== DATA FOR PROCESSING ==

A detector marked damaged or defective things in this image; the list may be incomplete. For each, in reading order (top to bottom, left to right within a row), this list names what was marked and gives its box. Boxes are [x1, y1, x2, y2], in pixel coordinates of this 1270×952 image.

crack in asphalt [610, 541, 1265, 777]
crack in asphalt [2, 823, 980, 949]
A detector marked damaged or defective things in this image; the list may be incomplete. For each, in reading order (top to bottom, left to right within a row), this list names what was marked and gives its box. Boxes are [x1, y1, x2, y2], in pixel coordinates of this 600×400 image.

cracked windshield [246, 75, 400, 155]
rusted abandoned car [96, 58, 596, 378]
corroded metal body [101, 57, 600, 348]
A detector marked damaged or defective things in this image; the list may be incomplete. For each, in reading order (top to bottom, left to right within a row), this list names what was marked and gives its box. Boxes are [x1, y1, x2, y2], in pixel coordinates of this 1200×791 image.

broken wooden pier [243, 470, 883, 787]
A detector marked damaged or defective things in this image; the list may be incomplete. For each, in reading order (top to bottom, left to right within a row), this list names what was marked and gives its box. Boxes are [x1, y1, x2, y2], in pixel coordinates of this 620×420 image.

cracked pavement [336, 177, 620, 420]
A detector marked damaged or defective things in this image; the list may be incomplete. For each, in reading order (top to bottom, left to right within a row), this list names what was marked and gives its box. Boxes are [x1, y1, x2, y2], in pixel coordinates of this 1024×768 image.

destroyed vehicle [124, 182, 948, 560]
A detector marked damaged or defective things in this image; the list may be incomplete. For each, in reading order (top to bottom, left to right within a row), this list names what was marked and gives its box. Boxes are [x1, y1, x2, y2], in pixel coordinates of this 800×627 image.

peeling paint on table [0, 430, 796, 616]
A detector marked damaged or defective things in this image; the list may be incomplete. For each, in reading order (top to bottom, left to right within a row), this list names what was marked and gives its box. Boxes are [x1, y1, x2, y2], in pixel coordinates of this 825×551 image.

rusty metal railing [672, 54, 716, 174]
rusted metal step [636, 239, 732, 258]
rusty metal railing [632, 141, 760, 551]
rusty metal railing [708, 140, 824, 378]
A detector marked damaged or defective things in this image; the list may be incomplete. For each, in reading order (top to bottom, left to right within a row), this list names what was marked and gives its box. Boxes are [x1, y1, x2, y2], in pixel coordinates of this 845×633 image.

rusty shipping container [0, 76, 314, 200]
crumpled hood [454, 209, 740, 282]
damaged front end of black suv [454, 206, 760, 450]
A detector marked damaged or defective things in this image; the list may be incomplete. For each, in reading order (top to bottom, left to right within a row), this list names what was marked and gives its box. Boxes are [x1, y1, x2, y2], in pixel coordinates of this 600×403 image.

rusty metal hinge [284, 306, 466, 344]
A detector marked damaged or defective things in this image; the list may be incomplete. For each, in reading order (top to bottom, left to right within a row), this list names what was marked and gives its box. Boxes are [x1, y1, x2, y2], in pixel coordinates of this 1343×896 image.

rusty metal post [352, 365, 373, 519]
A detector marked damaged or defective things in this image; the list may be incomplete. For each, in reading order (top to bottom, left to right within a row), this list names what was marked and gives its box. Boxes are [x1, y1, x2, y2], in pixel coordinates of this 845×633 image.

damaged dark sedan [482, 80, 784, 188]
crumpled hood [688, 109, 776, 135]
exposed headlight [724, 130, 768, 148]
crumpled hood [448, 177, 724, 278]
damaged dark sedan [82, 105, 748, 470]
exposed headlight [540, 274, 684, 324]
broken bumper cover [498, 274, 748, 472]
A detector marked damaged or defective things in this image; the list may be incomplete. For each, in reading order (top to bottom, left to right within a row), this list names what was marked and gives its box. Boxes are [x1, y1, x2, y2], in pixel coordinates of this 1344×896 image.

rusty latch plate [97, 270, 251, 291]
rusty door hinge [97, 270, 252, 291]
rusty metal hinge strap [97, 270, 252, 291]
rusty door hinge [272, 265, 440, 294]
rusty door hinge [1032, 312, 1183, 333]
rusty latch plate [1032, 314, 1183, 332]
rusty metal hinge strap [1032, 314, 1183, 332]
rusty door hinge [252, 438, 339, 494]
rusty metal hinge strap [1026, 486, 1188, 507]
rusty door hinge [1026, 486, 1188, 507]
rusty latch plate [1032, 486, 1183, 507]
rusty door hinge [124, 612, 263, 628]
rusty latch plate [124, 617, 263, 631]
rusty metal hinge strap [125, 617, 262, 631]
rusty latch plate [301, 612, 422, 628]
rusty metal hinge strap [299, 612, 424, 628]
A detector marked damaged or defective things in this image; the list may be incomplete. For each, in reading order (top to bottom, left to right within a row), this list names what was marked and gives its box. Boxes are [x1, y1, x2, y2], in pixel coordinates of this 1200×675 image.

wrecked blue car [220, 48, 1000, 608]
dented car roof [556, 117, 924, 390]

===

## INSTRUCTIONS FOR THE TASK
Once you have read the listing, copy it out exactly.

## RESPONSE AREA
A detector marked damaged or defective things in this image; the list may be incomplete. For each, in reading order (top to bottom, left to right within a row), this list names what was marked and gives its box. Boxes are [x1, y1, x2, y2], in pixel coordinates of this 1270×952 image.

crack in asphalt [610, 541, 1265, 777]
crack in asphalt [2, 823, 980, 949]
A detector marked damaged or defective things in this image; the list may be incomplete. For each, in reading order (top to bottom, left to right within a row), this list names what was marked and gives its box. Boxes are [x1, y1, x2, y2], in pixel coordinates of this 600×400 image.

cracked windshield [246, 75, 400, 155]
rusted abandoned car [96, 58, 596, 378]
corroded metal body [101, 57, 600, 348]
A detector marked damaged or defective things in this image; the list may be incomplete. For each, in reading order (top to bottom, left to right within a row), this list names what was marked and gives its box. Boxes are [x1, y1, x2, y2], in pixel coordinates of this 1200×791 image.

broken wooden pier [243, 470, 883, 787]
A detector marked damaged or defective things in this image; the list may be incomplete. For each, in reading order (top to bottom, left to right within a row), this list names what was marked and gives its box. Boxes are [x1, y1, x2, y2], in pixel coordinates of this 620×420 image.

cracked pavement [336, 177, 620, 420]
A detector marked damaged or defective things in this image; the list may be incomplete. For each, in reading order (top to bottom, left to right within a row), this list names what was marked and gives its box. Boxes are [x1, y1, x2, y2], in pixel coordinates of this 1024×768 image.

destroyed vehicle [124, 182, 948, 560]
A detector marked damaged or defective things in this image; the list may be incomplete. For each, in reading order (top to bottom, left to right within a row), this list names what was marked and gives its box. Boxes are [x1, y1, x2, y2], in pixel coordinates of this 800×627 image.

peeling paint on table [0, 430, 796, 616]
A detector marked damaged or defective things in this image; the list may be incomplete. For each, in reading order (top to bottom, left to right within a row), this list names what was marked and gives its box. Boxes are [x1, y1, x2, y2], in pixel coordinates of this 825×551 image.

rusty metal railing [672, 54, 716, 174]
rusted metal step [636, 239, 732, 258]
rusty metal railing [632, 141, 760, 551]
rusty metal railing [708, 140, 824, 378]
A detector marked damaged or defective things in this image; the list may be incomplete. For each, in reading order (top to bottom, left to right within a row), this list names what was marked and gives its box. Boxes are [x1, y1, x2, y2], in pixel coordinates of this 845×633 image.

rusty shipping container [0, 76, 314, 200]
crumpled hood [454, 209, 740, 282]
damaged front end of black suv [454, 206, 760, 450]
A detector marked damaged or defective things in this image; the list may be incomplete. For each, in reading order (top to bottom, left to right within a row), this list names what was marked and gives its box. Boxes are [x1, y1, x2, y2], in pixel coordinates of this 600×403 image.

rusty metal hinge [284, 306, 466, 344]
A detector marked damaged or defective things in this image; the list may be incomplete. For each, in reading order (top to bottom, left to right within a row), this list names what was marked and gives its box. Boxes are [x1, y1, x2, y2], in pixel coordinates of this 1343×896 image.

rusty metal post [352, 365, 373, 519]
A detector marked damaged or defective things in this image; the list may be incomplete. For each, in reading order (top to bottom, left to right within a row), this list names what was marked and gives its box. Boxes are [x1, y1, x2, y2], in pixel coordinates of this 845×633 image.

damaged dark sedan [482, 80, 784, 188]
crumpled hood [688, 109, 776, 135]
exposed headlight [724, 130, 768, 148]
crumpled hood [448, 177, 724, 278]
damaged dark sedan [82, 105, 748, 470]
exposed headlight [540, 274, 684, 324]
broken bumper cover [498, 274, 748, 472]
A detector marked damaged or defective things in this image; the list may be incomplete. For each, in reading order (top to bottom, left to right within a row), this list names what was marked and gives its box. Boxes are [x1, y1, x2, y2], in pixel coordinates of this 1344×896 image.

rusty latch plate [97, 270, 251, 291]
rusty door hinge [97, 270, 252, 291]
rusty metal hinge strap [97, 270, 252, 291]
rusty door hinge [272, 265, 440, 294]
rusty door hinge [1032, 312, 1183, 333]
rusty latch plate [1032, 314, 1183, 332]
rusty metal hinge strap [1032, 314, 1183, 332]
rusty door hinge [252, 438, 339, 494]
rusty metal hinge strap [1026, 486, 1188, 507]
rusty door hinge [1026, 486, 1188, 507]
rusty latch plate [1032, 486, 1183, 507]
rusty door hinge [124, 612, 263, 628]
rusty latch plate [124, 617, 263, 631]
rusty metal hinge strap [125, 617, 262, 631]
rusty latch plate [301, 612, 422, 628]
rusty metal hinge strap [299, 612, 424, 628]
A detector marked damaged or defective things in this image; the list may be incomplete. For each, in reading order (top to bottom, left to right within a row), this list names what was marked and gives its box. Boxes are [x1, y1, x2, y2], in pixel coordinates of this 1200×675 image.

wrecked blue car [220, 48, 1000, 608]
dented car roof [556, 117, 924, 390]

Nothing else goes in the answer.